Norway and Northern Ireland
For some years now TSI has been working with a group of schools in East Oslo, primarily focussing on Visual Tools for Thinking. This originated from the Comenius project (see below) that involved both the East Oslo Education District and the North Eastern Education and Library Board in Northern Ireland. The activity has aroused interest in other Oslo schools and TSI worked with drive teams from a number of new schools in early 2013.. In August 2013, a further trip was carried out to run an update and reinforcement session for all the teachers from the new schools and to visit the schools.
In September 2013, TSI International Director Nick Symes worked with teachers from Disen Skole in East Oslo, one of the first tranche of schools to be involved with TSI. Having embedded Visual Tools for Thinking as their first Thinking School pathway, they were ready to add to their thinking repertoire. As a result of this, a day was spent working with all the teachers on Dispositions for Mindfulness with a specific focus on Habits of Mind. Time was also spent with teachers from another two of the East Oslo group of schools. This was particularly exciting as their activity is proving of interest to schools elsewhere in Oslo.
Some of the classroom activity that has emerged from both the existing and new schools is extremely encouraging.
A two-year Regio Comenius project, led by the North Eastern Education and Library Board’s Curriculum Advisory and Support Service (NEELB) and Oslo Education Authority (UDE), focused on shared exploration of the concept of a Thinking School.
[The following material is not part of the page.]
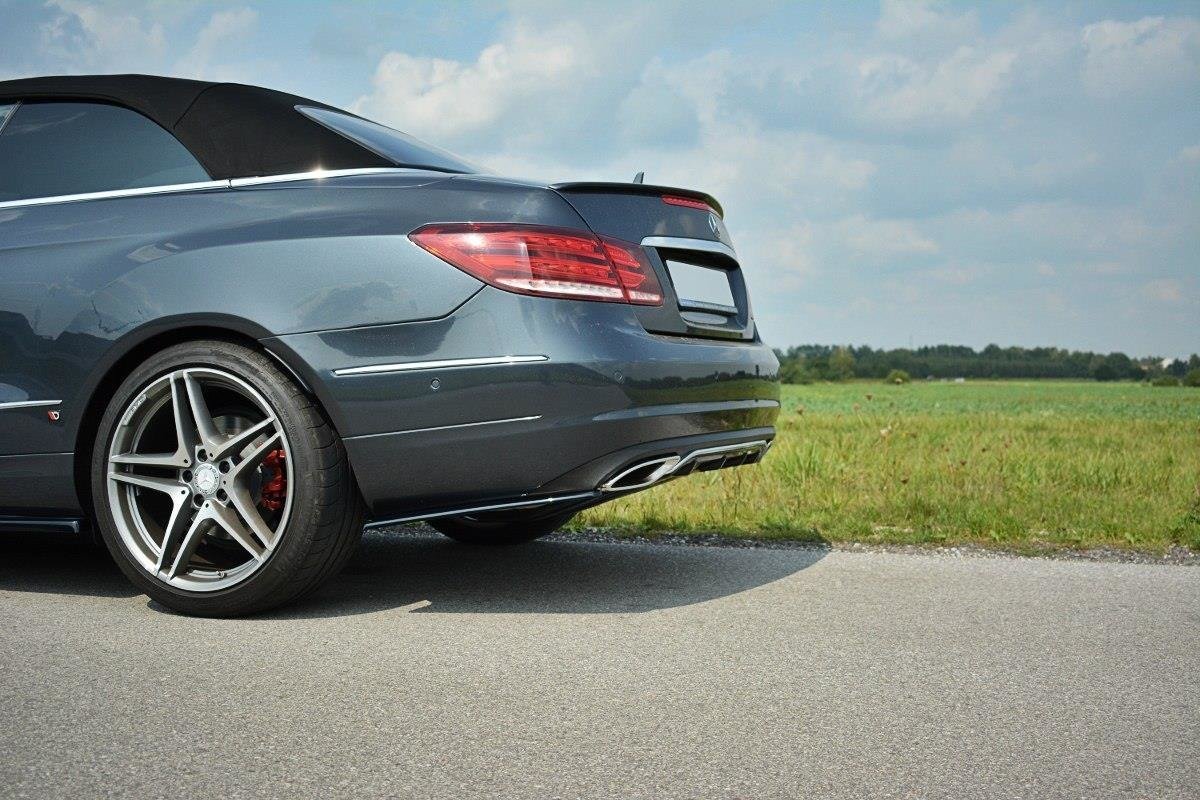 Heck Ansatz Flaps Diffusor passend für Mercedes - Benz E Coupe / Cabrio C207 Facelift / A207 Facelit schwarz Hochglanz – Ansicht 1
The project involved Kestrel Consultancy (the UK arm of TSI) and University of Oslo, as external partners, and also included participation by staff of six Northern Irish primary schools and four Norwegian schools.
Regio Comenius Project – Norway and Northern Ireland
The objectives of the project were agreed as:
To define the features of a ‘thinking school’.
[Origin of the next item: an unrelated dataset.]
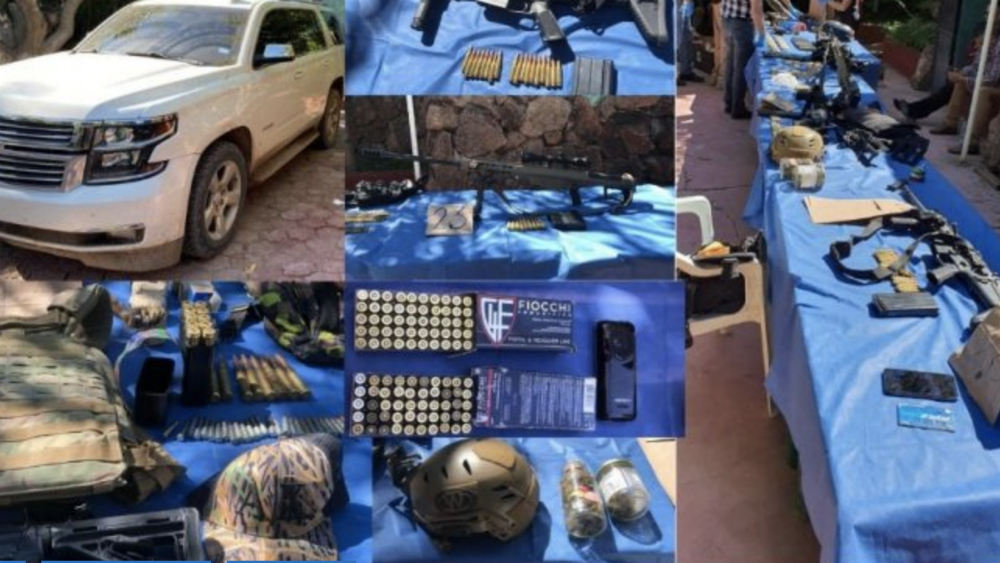 Aseguran armas largas, cartuchos y droga en Chihuahua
To evaluate the impact of the thinking school programme in the identified schools.
To compare the experiences of identified schools in Norway and Northern Ireland as they journey towards becoming ‘thinking schools’.
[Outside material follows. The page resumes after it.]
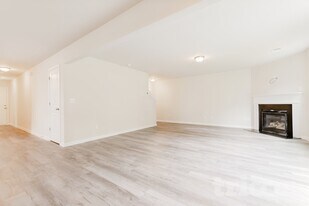 27 Iron Horse Ct in Blythewood, SC - Building Photo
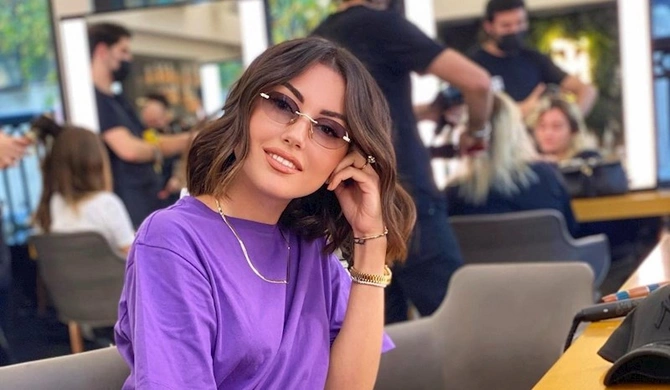 Azərbaycanlı müğənnilərin geyim qiymətləri — SİYAHI/FOTOLAR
To investigate ways of measuring children’s progress in thinking.
To disseminate learning to other European regions through written and digital media.
School administrators, trainers/facilitators, school leaders, teachers and pupils in the two different European regions had the opportunity to work together with the common purpose of pursuing the concept of a thinking school, with a particular focus on evaluating the impact of professional development. Teachers in both countries were trained in the use of David Hyerle’s Thinking Maps and were able to compare implementation and share practice. Participants from all partner organizations had opportunities to join in shared meetings in Oslo and in Northern Ireland over a two-year period, and to visit schools and observe classroom practice in both countries. They also benefited from learning about the wider culture of the partner region as well as comparing and contrasting educational policy and practice, actual classroom experiences and aspects of pedagogy.
A significant activity within the project was the preparation for and co-facilitation of a workshop at TSI’s Thinking Schools Conference in Swindon in June 2011. A team of participants from Norway and from Northern Ireland presented the workshop entitled ‘Leading a Thinking School: An International Perspective’. A wider group of ten representatives from Norway and eight from Northern Ireland were enabled to attend the conference and benefit from engaging in conference activities and professional dialogue with others involved in the thinking school network. During this visit, all participants were also able to visit accredited thinking schools in England/Wales and observe good practice.